A colleague recently said to me, "Cancer has become a desperate scourge

A colleague recently said to me, "Cancer has become a desperate scourge. In my own locality I know one or two people with cancer on every road. And, no wonder. We don't know what we are eating nowadays. Our food is full of chemicals." These sentiments are common, but widely respected studies estimate that pollution overall accounts for only one per cent of human cancers.

Cancer is a major problem. One in three of us will contract cancer and one in five of us will die from cancer. It is mainly a disease of the aged. Elderly people are now more numerous in the population than earlier this century and, because of this fact alone, cancer is more common today. When discussing cancer trends, it is essential to speak in terms of age-adjusted rates. These rates, taking into account that absolute numbers of cancer deaths are increasing of other factors that increase longevity, tell us how well overall we are doing against cancer.

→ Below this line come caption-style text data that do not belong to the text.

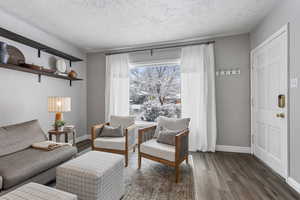 Living area with wood finished floors and a textured ceiling
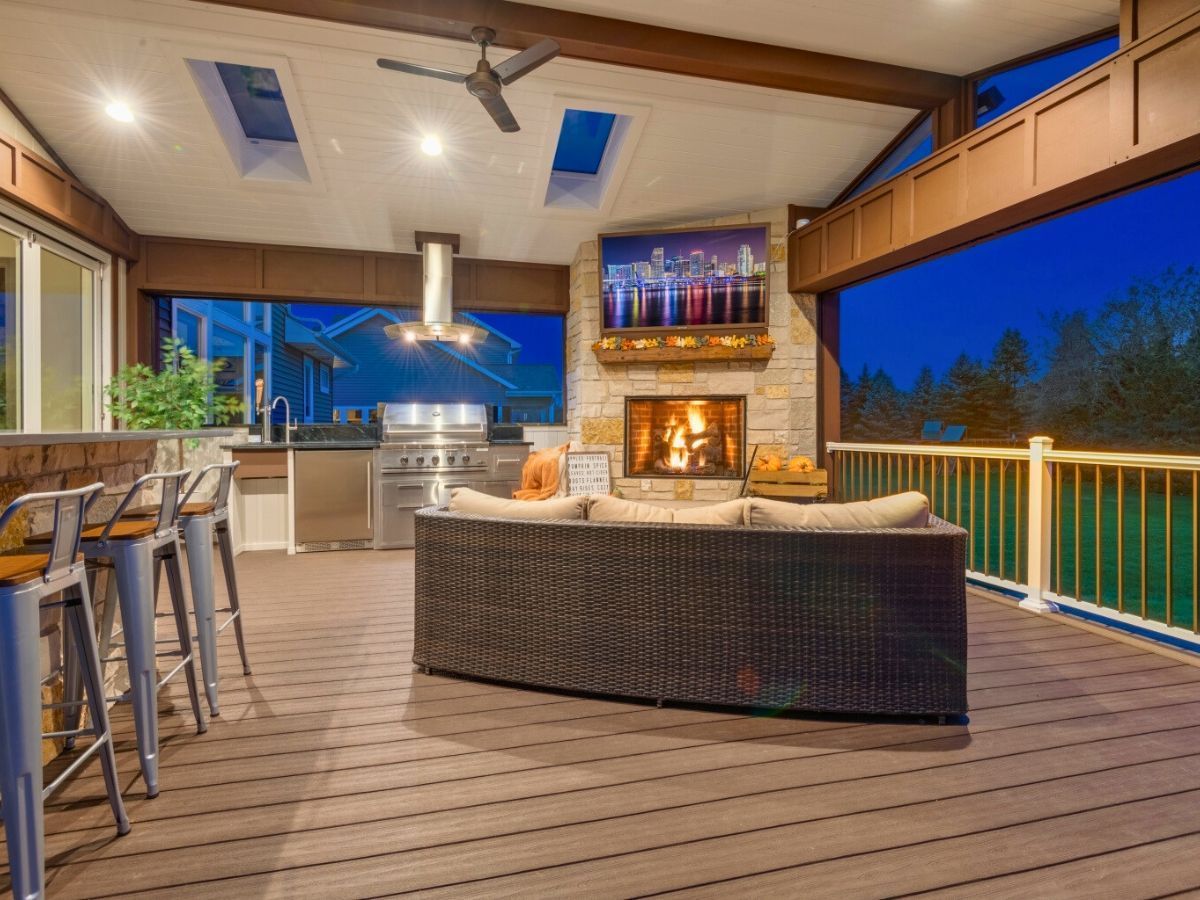 A patio with a fireplace , couch , stools and a television.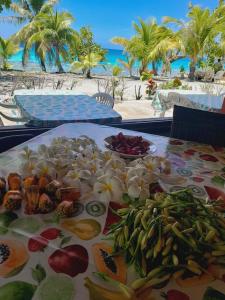 a table with fruits and vegetables on it on the beach at MONITA VILLA Rangiroa in Tiputa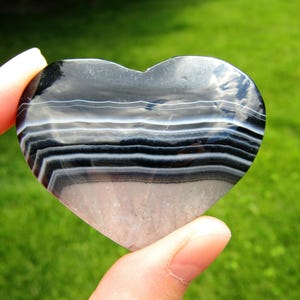 May include: A heart-shaped polished stone featuring horizontal bands of black, white, and translucent gray. The surface is smooth and reflective, displaying natural mineral layers. The number 3 is visible in the upper right corner of the image.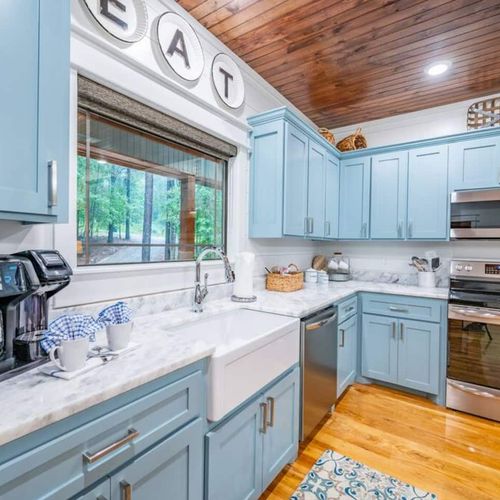 The modern kitchen offers a stove, oven, microwave, farmhouse sink and more!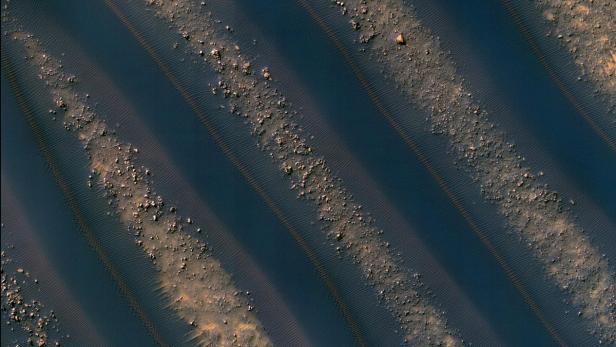 Luftaufnahme von dunklen Sanddünen mit helleren Ablagerungen.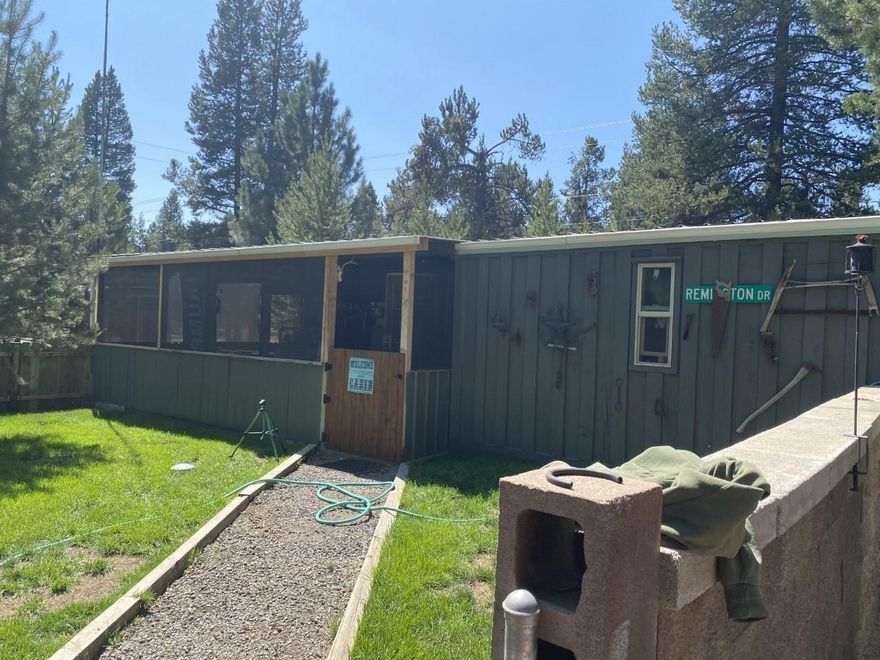 Cute cabin on corner lot. Open kitchen that flows into the living room/bedroom.. Propane stove to keep the cabin cozy in the chilly Central Oregon nights. Lots of out-buildings and one has a laundry room with a shower. Nice wrap around porch. There's also a bunk house for company. Fenced yard with lush green grass. You can access the home in a separate drive-way that's gated from Strawn Rd. Nice dog kennel. Close to the corner store and all the High Lakes. The possibilities are endless!!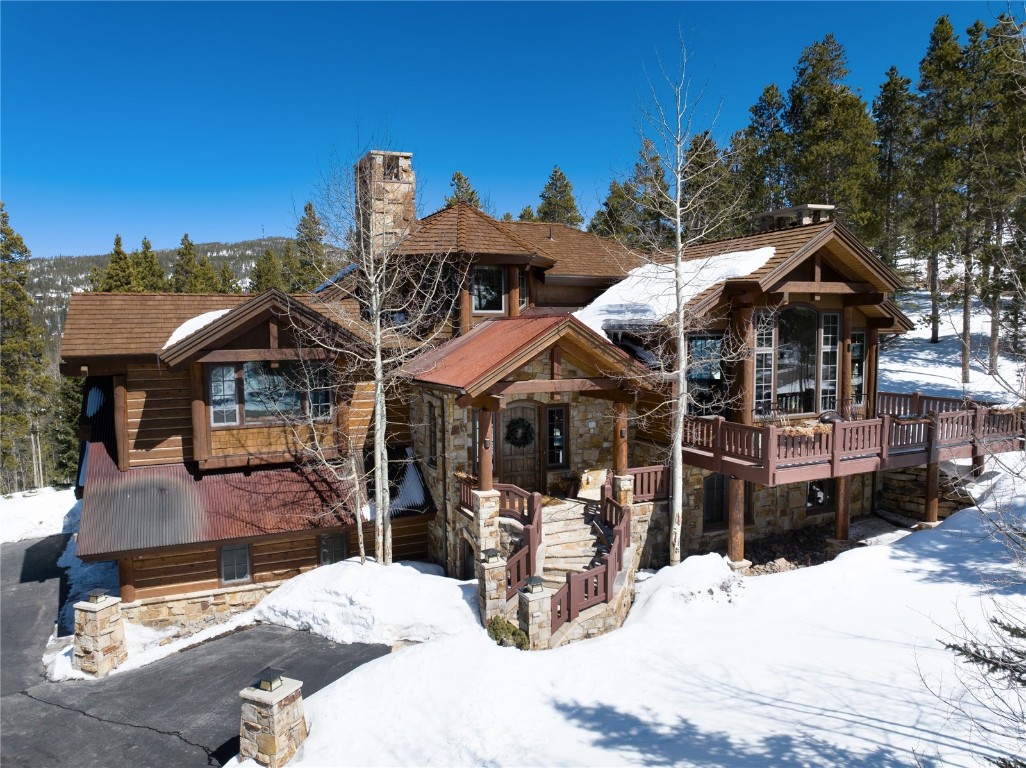 a view of a house with wooden deck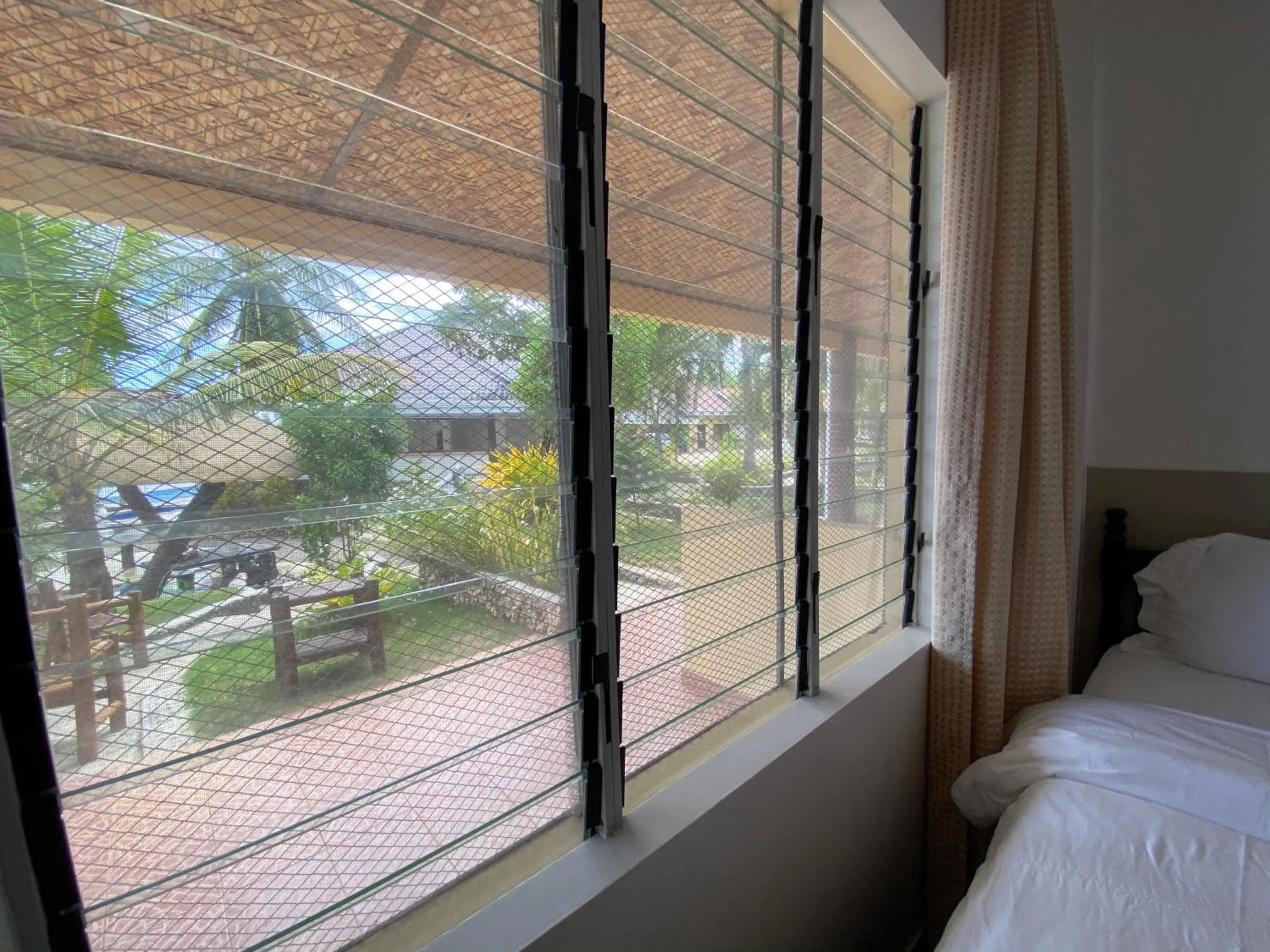 Garden view, Bed in Azure Camotes Resort Hotel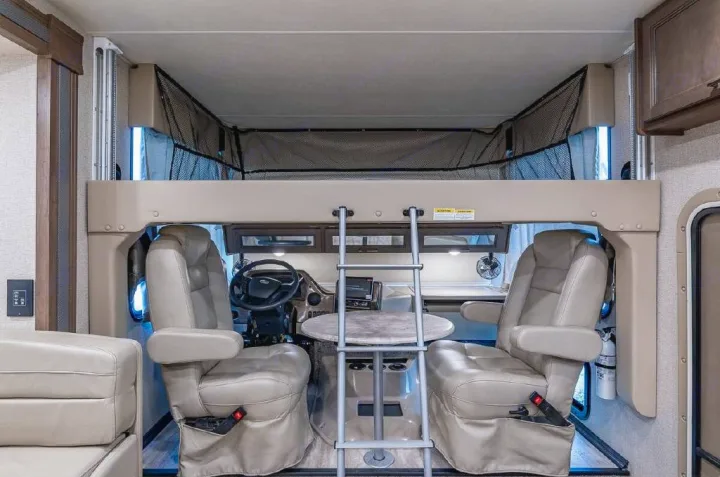 RV rental: Step into this motorhome's cockpit with swiveling seats, a dining table, and an over-cab bunk bed with safety net.. Thor Motor Coach Hurricane 2021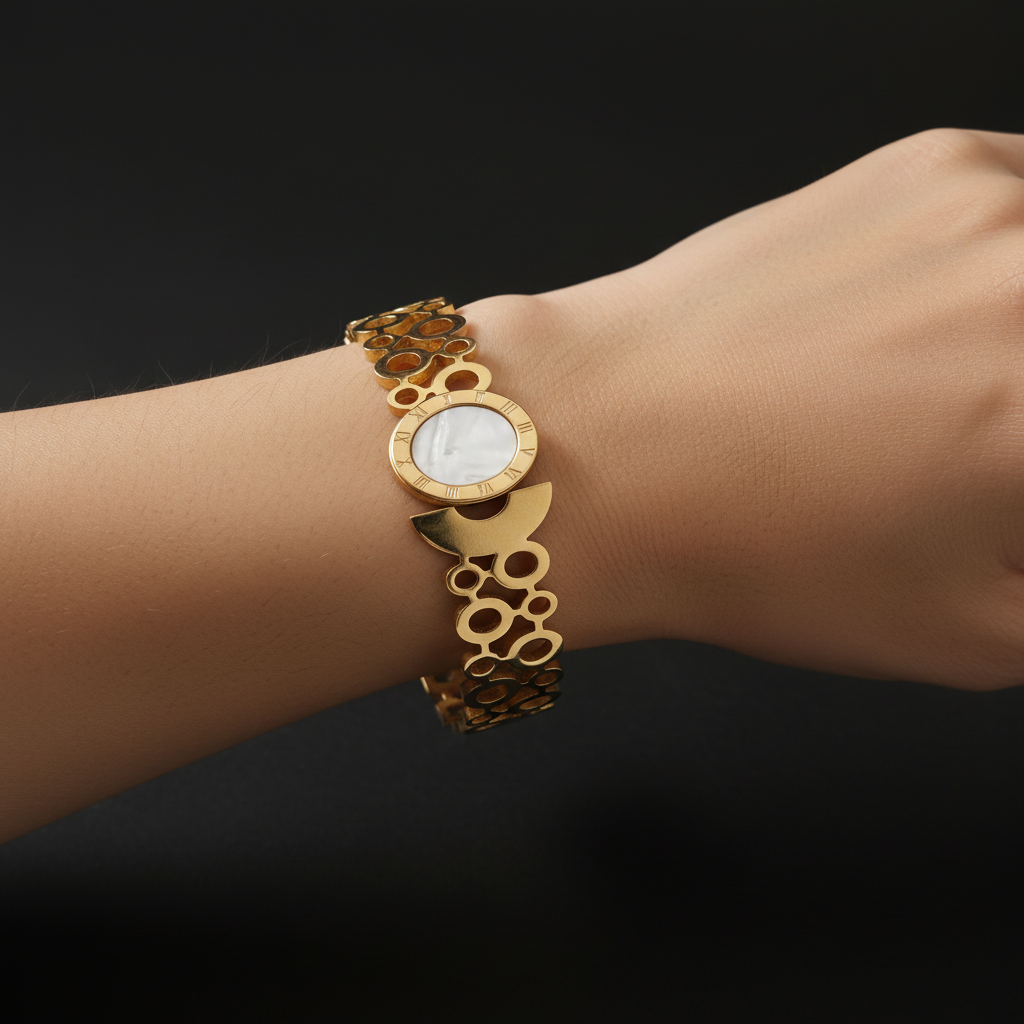 Beautiful slender wrist with mother of pearl and circular ring bracelet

The feeling is widespread that cancer incidence and deaths from cancer are continually increasing, but this feeling is wrong. With the exception of respiratory cancer, largely caused by cigarettes, age-adjusted cancer incidence is generally not increasing and age-adjusted cancer death rates are slowly falling. The graph below illustrates this.

An agent that can cause cancer is called a carcinogen. A chemical is tested for carcinogenic potential by administering it to rats at near-toxic doses and following up to see if cancer develops. About half of all chemicals tested, whether natural or synthetic, are carcinogenic at these doses. There is good reason to suspect that many chemicals are carcinogenic only at these very high doses. However, this is not taken into account by the testers who take a positive result to unambiguously identify a carcinogen whose potential to cause cancer is assumed to be proportional to dose, decreasing to zero effect only at zero dose. If many chemicals are carcinogenic only at high doses, we are greatly exaggerating the risk at the very low doses to which the public is exposed.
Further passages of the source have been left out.